Malpractice Suits in Illinois Can Recoup Past Punitive Damages

Legal malpractice plaintiffs in Illinois can recover for punitive damages they incurred due to attorney negligence, despite a ban on punitive damages in malpractice cases themselves, the state’s top court ruled.

A unanimous Illinois Supreme Court ruled in favor of Midwest Sanitary Service Inc., which sought to recover $625,000 in punitive damages from Sandberg, Phoenix & Von Gontard PC, the law firm the company blamed for its loss in a whistleblower retaliation case.

Justice P. Scott Neville, writing for the court, agreed with the company’s argument that the $625,000 counted as compensatory damages in the malpractice case, even though the sum served as punitive damages in the underlying employee lawsuit.

Those damages “do not punish the attorneys but instead replace the loss” that Midwest blames on their negligence, Neville wrote. If Midwest prevails at trial, it “should be repaid for the full pecuniary loss it suffered as a result of a judgment that would not have been entered against it but for its attorneys,” he said.

The ruling Thursday upheld a decision by a mid-level state court that reached the same conclusion after a judge certified the issue for an interlocutory appeal. The malpractice suit hasn’t yet gone to trial.

The state’s justices rejected the argument that a recovery of previously awarded punitive damages would violate the same public policies behind the statute banning punitive damages for legal or medical malpractice.

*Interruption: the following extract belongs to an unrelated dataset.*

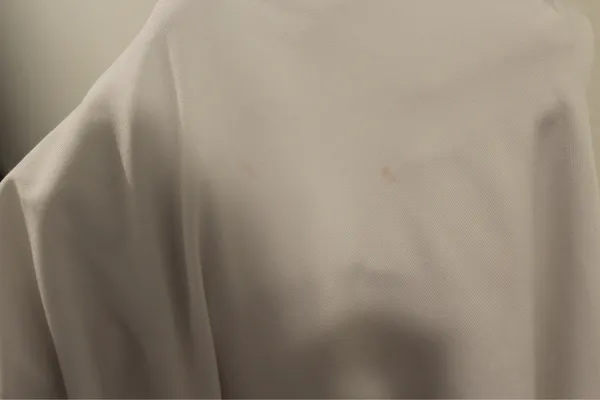 White Backless Gown - Image 5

The rationale behind the law is that attorneys shouldn’t face punishment in a speculative amount, based on a jury’s moral judgment, for what are really professional errors, Neville noted. The prospect of punitive malpractice liability might deter attorneys from taking on certain types of cases, he said.

But in Midwest’s case, the sum isn’t speculative, and the purpose of repaying it would be to make the company whole, not to punish the lawyers, the judge found.

Courts in other states with similar punitive damage policies have come out the same way, Neville said.

Chief Justice Anne M. Burke and Justices Michael A. Burke, Robert L. Carter, and Mary Jane Theis joined the ruling. Justices David K. Overstreet and Lisa Holder White didn’t participate in the decision.

The case is Midwest Sanitary Serv. Inc. v. Sandberg, Phoenix & Von Gontard PC, Ill., No. 127327, 9/22/22.